5.6 Visualization

R is incredibly useful for creating visualizations and graphics which are easy to customize and automate, and entire university courses are dedicated to creating visualizations with R. Here we will only introduce the basics of creating visualizations in R.

In this course, we focus on the visualizations in “base R”, not the capabilities provided by outside sources. This means we will not discuss the very popular ggplot2 package, which has a very different way of constructing visualizations that could be confusing if included here.

R can make several different types of plots, and the type of plot will depend on what kind of data you are dealing with. Below, we’ll explore common types of plots for various types of data.

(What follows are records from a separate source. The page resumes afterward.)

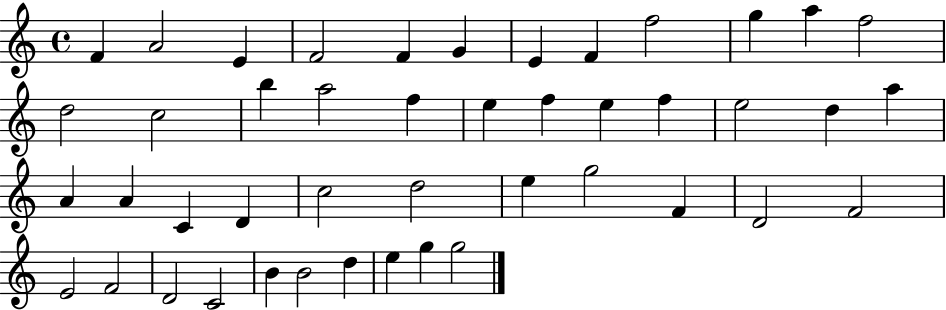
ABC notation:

X:1
T:Untitled
M:4/4
L:1/4
K:C
F A2 E F2 F G E F f2 g a f2 d2 c2 b a2 f e f e f e2 d a A A C D c2 d2 e g2 F D2 F2 E2 F2 D2 C2 B B2 d e g g2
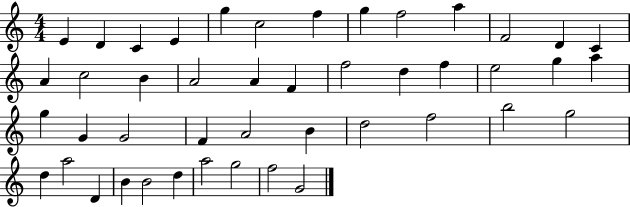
{
  \clef treble
  \numericTimeSignature
  \time 4/4
  \key c \major
  e'4 d'4 c'4 e'4 | g''4 c''2 f''4 | g''4 f''2 a''4 | f'2 d'4 c'4 | \break a'4 c''2 b'4 | a'2 a'4 f'4 | f''2 d''4 f''4 | e''2 g''4 a''4 | \break g''4 g'4 g'2 | f'4 a'2 b'4 | d''2 f''2 | b''2 g''2 | \break d''4 a''2 d'4 | b'4 b'2 d''4 | a''2 g''2 | f''2 g'2 | \break \bar "|."
}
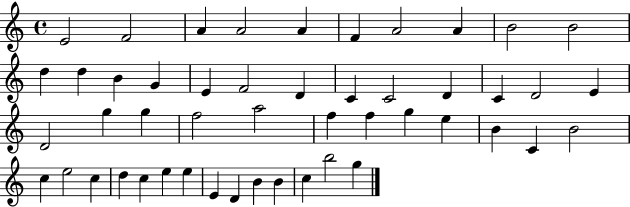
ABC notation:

X:1
T:Untitled
M:4/4
L:1/4
K:C
E2 F2 A A2 A F A2 A B2 B2 d d B G E F2 D C C2 D C D2 E D2 g g f2 a2 f f g e B C B2 c e2 c d c e e E D B B c b2 g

5.6.1 One Quantitative Variable

One of the most popular ways of visualizing quantitative variables is with a histogram, where each bar represents the observations falling within a specific range. The height of each bar reflects how many observations fall within that range. In the Olympic athletes data, Height is a quantitative variable, so let’s create a histogram using the hist function:

hist(athletes$Height)

This histogram shows that most heights are between roughly 160 and 190 centimeters, and the distribution looks unimodal. Notice that R has decided how many bins (bars) to use, but this can be changed with the breaks option:

hist(athletes$Height, breaks = 70)

R will “try” to create the number of bins equal to breaks, but sometimes won’t make exactly that number. Instead of just giving a single number breaks, you could also give a vector of numbers, which specify the start and stop points of the bins:

hist(athletes$Height, breaks = c(120, 130, 140, 150, 160, 170, 180, 190, 200, 210, 220, 230))

By default, R adds a title and axis labels to the plot, but for presentation purposes, it’s probably a good idea to change them. This can be done with the main, xlab, and ylab options:

hist(athletes$Height, breaks = 60, main = "Olympic Athlete Heights",
     xlab = "Height (cm)", ylab = "")

These arguments work with many plot types in R. In this example, we removed the y label by setting it to be an empty string.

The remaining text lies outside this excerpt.